Obviously, the demonstration of a role of Orai3 in any particular cellular function requires specific tools to identify such an activity. Examination of the simple overexpression of Orai3, either with or without STIM1, is an unreliable assay for identifying potential physiological roles of this protein as it is uncertain that the resulting channels will function, or be regulated, in the same way as they do when existing at endogenous expression levels.

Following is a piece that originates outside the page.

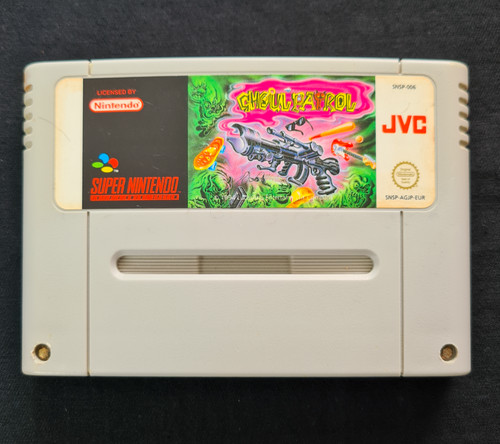 Ghoul Patrol (1994) SNES box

Much information about the important role of Orai1, particularly in immunological responses, has come from studies of patients carrying a critical mutation (R91W) in Orai1 (Feske, 2009), or from Orai1 knockout mice (Gwack et al. 2008; Vig et al. 2008; Braun et al. 2009). Unfortunately, the successful development of the corresponding Orai3 knockout mouse has yet to be achieved. Consequently, the most widely used approach to date has involved examination of the effect of 2-APB on the associated currents or entry of Ca2+, relying on the reported ability of higher concentrations of the drug (typically 50–100 μm) to increase such activity. However, the complex nature of the effects of 2-APB on STIM1 and Orai proteins (DeHaven et al. 2008), along with its obvious promiscuous effects on other molecules critical to cellular signalling activities, undoubtedly raises concerns as to the specificity and reliability of such an assay. A better approach might be the expression of a dominant-negative mutant of Orai3, such as the E81Q mutation, whose incorporation into the channel structure results in a non-conducting channel pore. Of course, the disadvantage of this approach is that it requires the transfection and expression of this mutant construct, something that it not always possible in native cells.

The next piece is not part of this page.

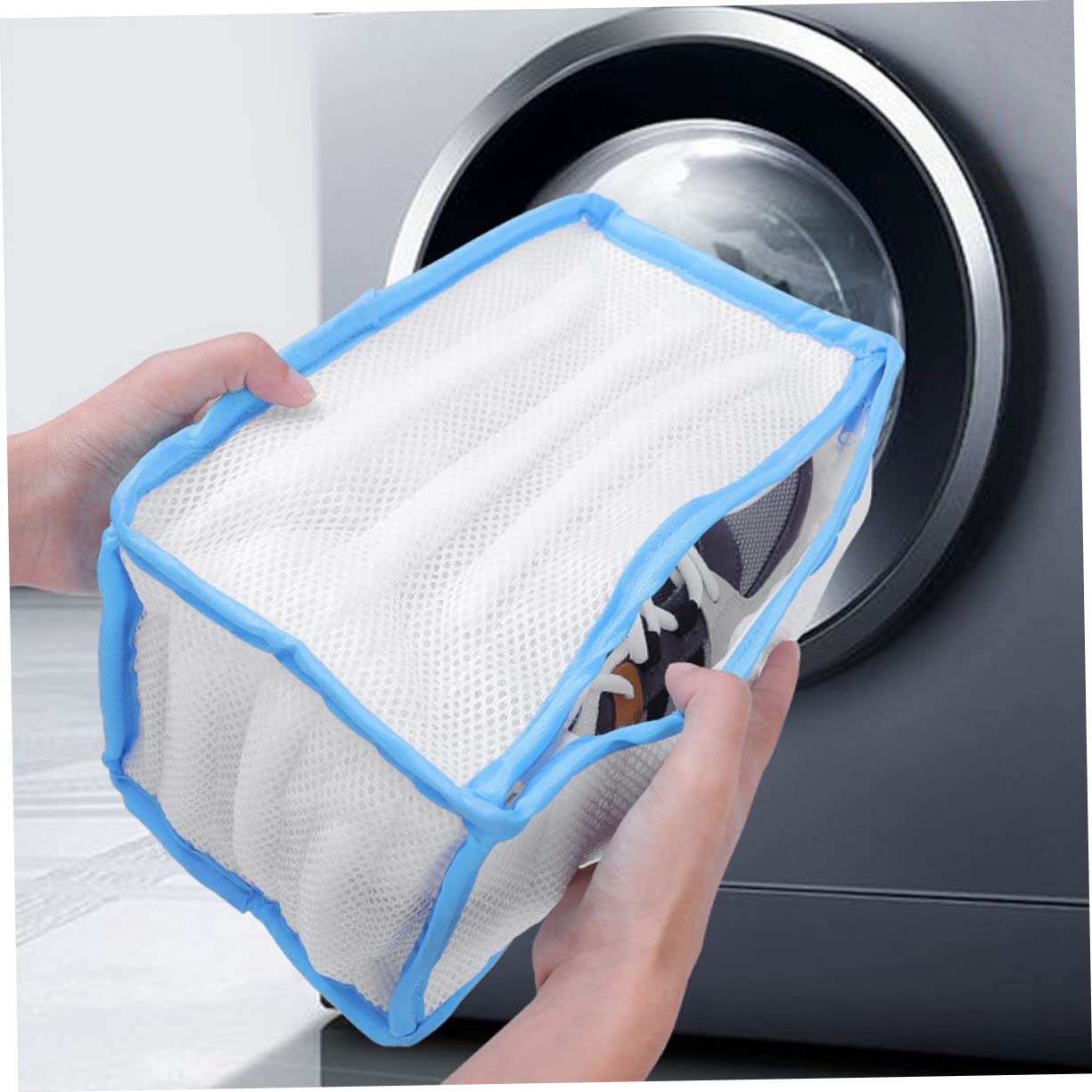 MAGICLULU 3 Pezzi Borsa per La Pulizia delle Scarpe Borsa per Lavatrice Maglia per Il Bucato Previene La Deformazione Longevità Design Salvaspazio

Orai3 and store-operated Ca2+ entry

Despite the well-established role of Orai1 in store-operated Ca2+ entry, there are indications that this feature may not be exclusive to the Orai1 protein. For example, McCarl et al. (2009) noted that, although clinically serious, the effects of deficiencies in Orai1 function in patients bearing various functionally relevant mutations in the gene were curiously limited in their range of targets – being essentially restricted to effects on T-cell activation, ectodermal dysplasia, and some skeletal muscle function and differentiation. As these authors noted, such a narrow range of effects is difficult to reconcile with the widespread expression of Orai1 throughout the body tissues, and the apparent universal presence of store-operated Ca2+ entry in cells. As an explanation, it was suggested that this might reflect an ability of other Orai family members (Orai2 and/or Orai3) to functionally replace Orai1 in store-operated Ca2+ entry in the unaffected tissues. However, as already noted, the original studies involving modest overexpression of Orai3 or siRNA-induced knockdown of endogenous Orai3 indicated that any such activity would likely be minimal, at best (Mercer et al. 2006; DeHaven et al. 2007; Takahashi et al. 2007; Zhang et al. 2008). Consistent with this are findings showing that, despite being expressed at normal levels and being efficiently delivered and inserted into the plasma membrane, expression of either Orai2 or Orai3 failed to rescue appreciable store-operated Ca2+ entry in T cells and fibroblasts obtained from SCID patients bearing the R91W mutant Orai1, which lacks any CRAC channel activity (Gwack et al. 2007). Clearly, at least for these cell types, store-operated Ca2+ entry is exclusively dependent on Orai1.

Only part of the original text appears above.